Raided in December 2021
MBS discovered that police raided Takasugi last December and subsequently called the man again. He was adamant that what he was doing was not illegal and assured the publication that his work wasn’t hurting anyone.
“I’m just getting my ass handed to me by the investigators, and I don’t want to get in the way,” he said, criticizing copyright protection organizations.
“All they do is lie, lie and lie. Tell them to do it fair and square. They’re trying to convince people that fast films are pirated. It’s all true, don’t be silly. I’m angry about the fact that they don’t do it fairly.”
Anti-piracy group Content Overseas Distribution Association (CODA) is now known to have made the referral to the police.

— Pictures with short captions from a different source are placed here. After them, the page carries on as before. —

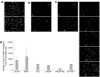 <b>Figure 3</b>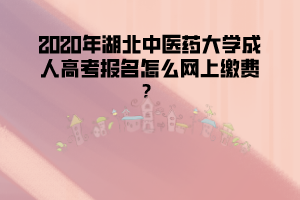 2020年湖北中醫(yī)藥大學(xué)成人高考報(bào)名怎么網(wǎng)上繳費(fèi)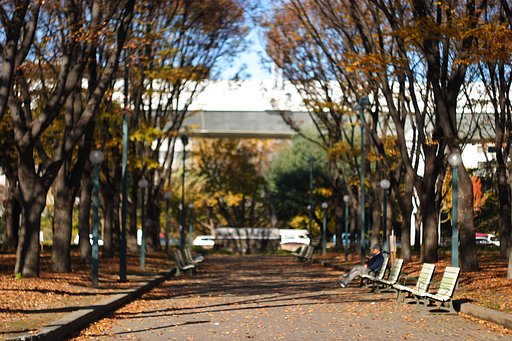 『陽光』ひと時の休息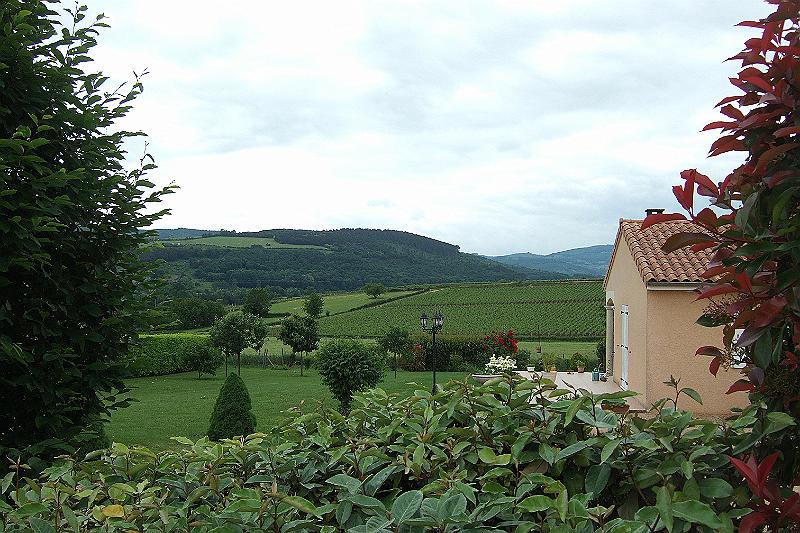 2010-06- (70).JPG
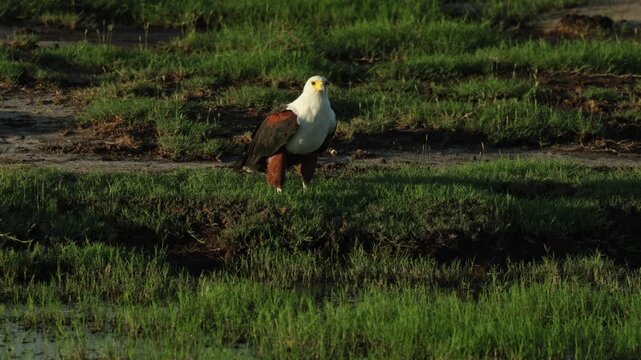 An African Fish-Eagle sitting in the green grass, Chobe National Park.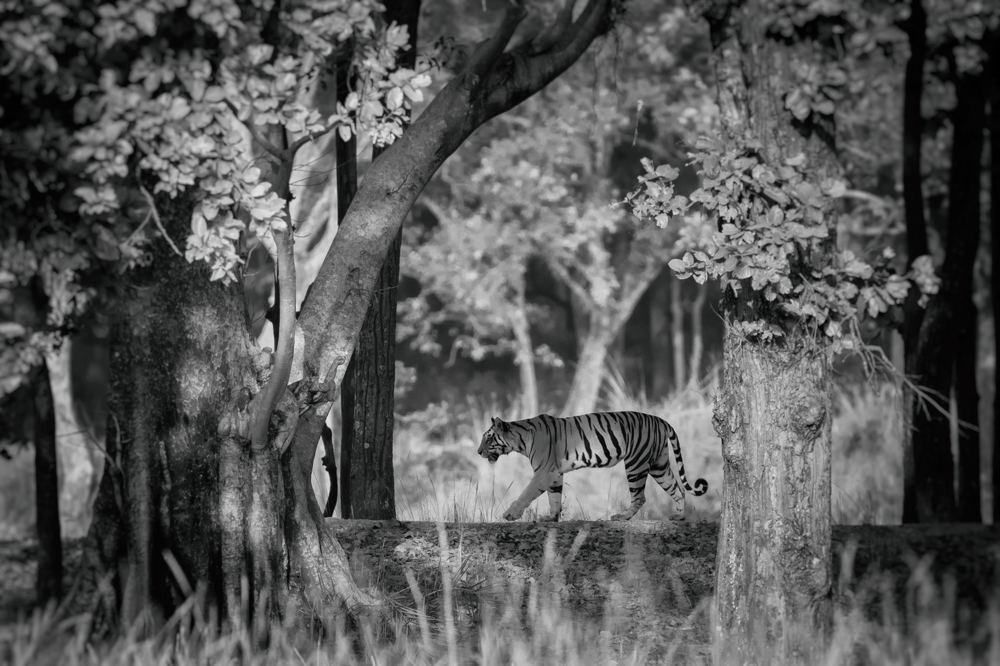 Kanha Kisli National Park, Madhya Pradesh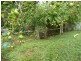 1053 Green Pigeon Road, Kyogle NSW 2474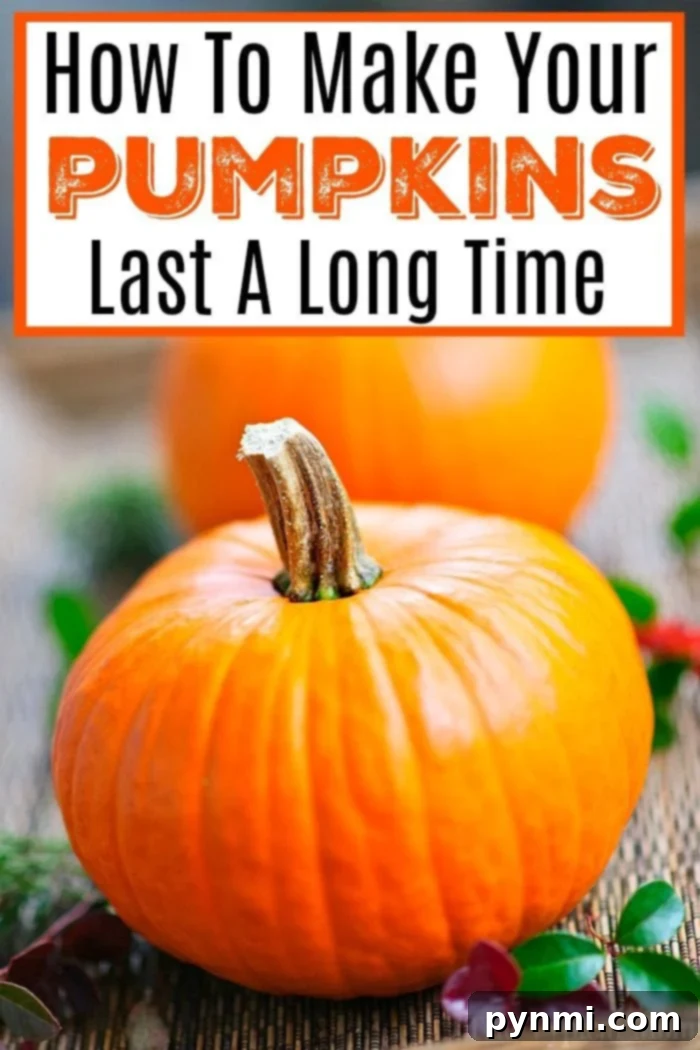 Tips for carving pumpkins and how to preserve your pumpkins so they last a long time using this solution! #carvings #pumpkin #halloween #preservingpumpkins how to preserve pumpkins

Following the December raid, this week police arrested Takasugi.
Arrested For Uploading Edits of Parasite and Other Movies
According to CODA, on February 15 the Miyagi Prefectural Police Headquarters Living Environment Division and the Shiogama Police Station arrested a man on suspicion of violating copyright law.

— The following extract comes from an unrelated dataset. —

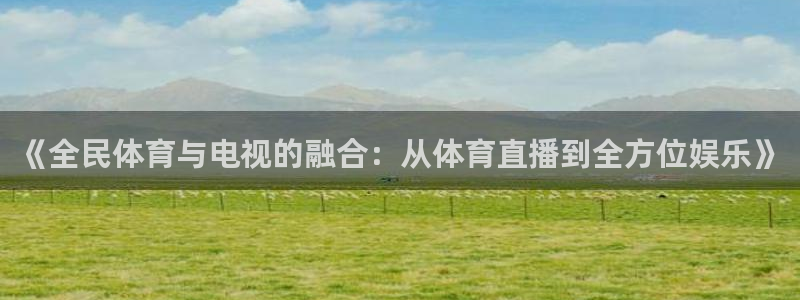 《全民体育与电视的融合：从体育直播到全方位娱乐》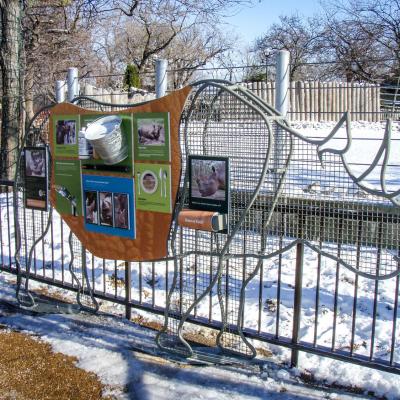 Lincoln Park Zoo Rhino 01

The anti-piracy group doesn’t name the suspect but from the details it’s clearly Takasugi who was detained. While he is believed to have edited, narrated, and then uploaded many ‘fast movies’, CODA cites just three, including the hit Korean drama Parasite.
CODA also notes that in June 2021 the man told the media he had made dozens of uploads, earning him around 1.5m yen (US$13,000).
Suspect Denies Wrongdoing
Takasugi is reportedly denying the charges, claiming that what he did fell within the rights of quotation. Unlike the US, however, Japan has no broad ‘fair use’ type exceptions to copyright law so it’s unclear how this defense will progress.
The other suspects who were arrested last summer all pleaded guilty to criminal breaches of Japan’s copyright law.
One defendant received 2 years in prison (suspended for 4 years) plus a 2,000,000 yen fine. Another received 18 months in prison (suspended for 3 years) and a 1,000,000 yen fine. The final defendant was handed 18 months in prison (suspended for 3 years) + 500,000 yen fine.
“CODA will continue to take measures such as identifying uploaders for malicious accounts,” the anti-piracy group concludes.